BAGIAN 29

24 4 0
                                    

Biasakan vote sebelum membaca, jangan lupa komen dan share setelah itu. Thank you.

Enjoy.

***

The wood has started to burn. The fire has started to shrink. This is a sly game of youth, which should not be done.

📖 Jangan Berhenti Baca di Bagian Ini 📖

Hidup berjalan menuntun kita untuk mengikuti alur yang semesta buat. Manusia yang masih hinggap pada buminya, dijejali kata 'harus' dan 'tegar' pada setiap rintangannya.

"Sa, gue nggak yakin aman kalau di sini," ucap Asha setengah berbisik sembari memakai masker saat mereka mulai menaiki lift. Aqsa menyandarkan punggungnya di sudut lift, memasukan kedua tangannya ke dalam saku celana.

"Ini kafe baru di dalam hotel, gue yakin namanya belum melambung apalagi di telinga Wealthy."

TRING

Pintu lift terbuka, Asha berjalan beriringan dengan Aqsa. "Lo bilang di rumah lo ada orang, 'kan?" tanya Aqsa, Asha mengangguk.

"Lo inget peraturan dan syarat gue, 'kan?" Aqsa menghentikan jalannya, menatap Asha sekilas.

"For sure."

Baru saja tangan Aqsa membuka separuh pintu kafe, Asha membulatkan matanya, ia bergegas membalikan tubuh hingga membuatnya menubruk dada Aqsa. Lelaki itu juga sama kagetnya dengan Asha, ia melepas jaketnya kemudian menaruhnya di atas kepalanya. Aqsa buru-buru meraih bahu Asha, menariknya dan segera meninggalkan kafe. Sial.

"Itu yang namanya belum melambung di telinga Wealthy Aqsa?" Mobil Aqsa melenggang di sorenya Ibu Kota. Aqsa mengacak rambutnya.

"Biasanya mereka paling anti nongkrong balik sekolah. Gue kira Wealthy nggak akan secepat ini juga tahu ada kafe baru yang lagi hype."

"Terus sekarang kita mau ke mana? Gue nggak mau buang-buang waktu."

Aqsa membelokan mobilnya di kawasan perumahan elit. "Rumah gue."
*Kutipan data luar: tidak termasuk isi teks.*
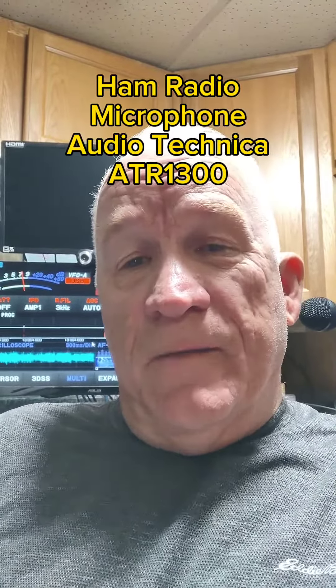Hey guys, Scott here, ham radio operator NTAZ. If you're looking for a microphone that'll work really good and give you awesome audio reports, take a look at the Audio Technica 1300. I've used this for years — I think it's the best bang for the buck out there. I've got friends with ICOMs, with Yaesu 101s. I've got a Yaesu FTDX 10, I've used it on my flex — all around great microphone. I've got mine on a boom. I highly recommend this microphone.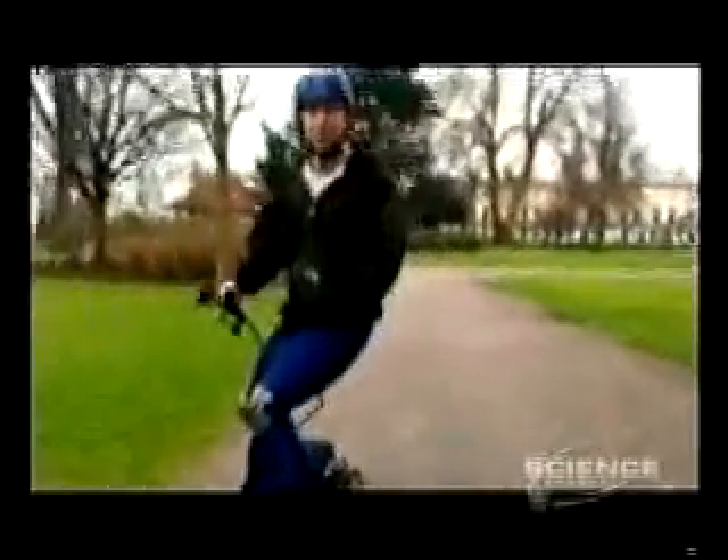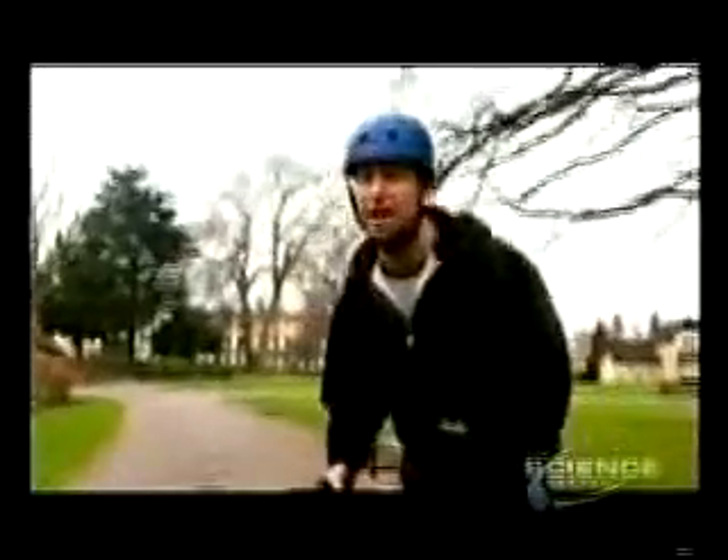It's quiet, it doesn't smell or rattle about, and it's much more affordable than its petrol-driven counterparts.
Aqsa membawa Asha pada suatu ruangan klasik yang tersedia di rumahnya. Lokasinya di sisi kolam renang. "Tempat ini jarang gue pake tapi selalu dibersihin sama mbak Mika, gue takut suatu saat kita lagi belajar, Emirc tiba-tiba dateng ke rumah, tempat yang mereka nggak tau cuma ini."

Asha manggut-manggut sembari menyusuri seisi ruangan. Ruangan klasik ini mirip dengan perpustakaan pribadi, dengan rak buku menjulang tinggi di beberapa sudut serta lukisan-lukisan zaman terdahulu.

"So cara transaksinya gue transfer lo langsung setelah kita selesai belajar, gue udah buat jadwal untuk tiga kali pertemuan kita. But, today nggak masuk dalam hitungan." Aqsa memberikan ipad-nya pada Asha, gadis itu segera meraihnya.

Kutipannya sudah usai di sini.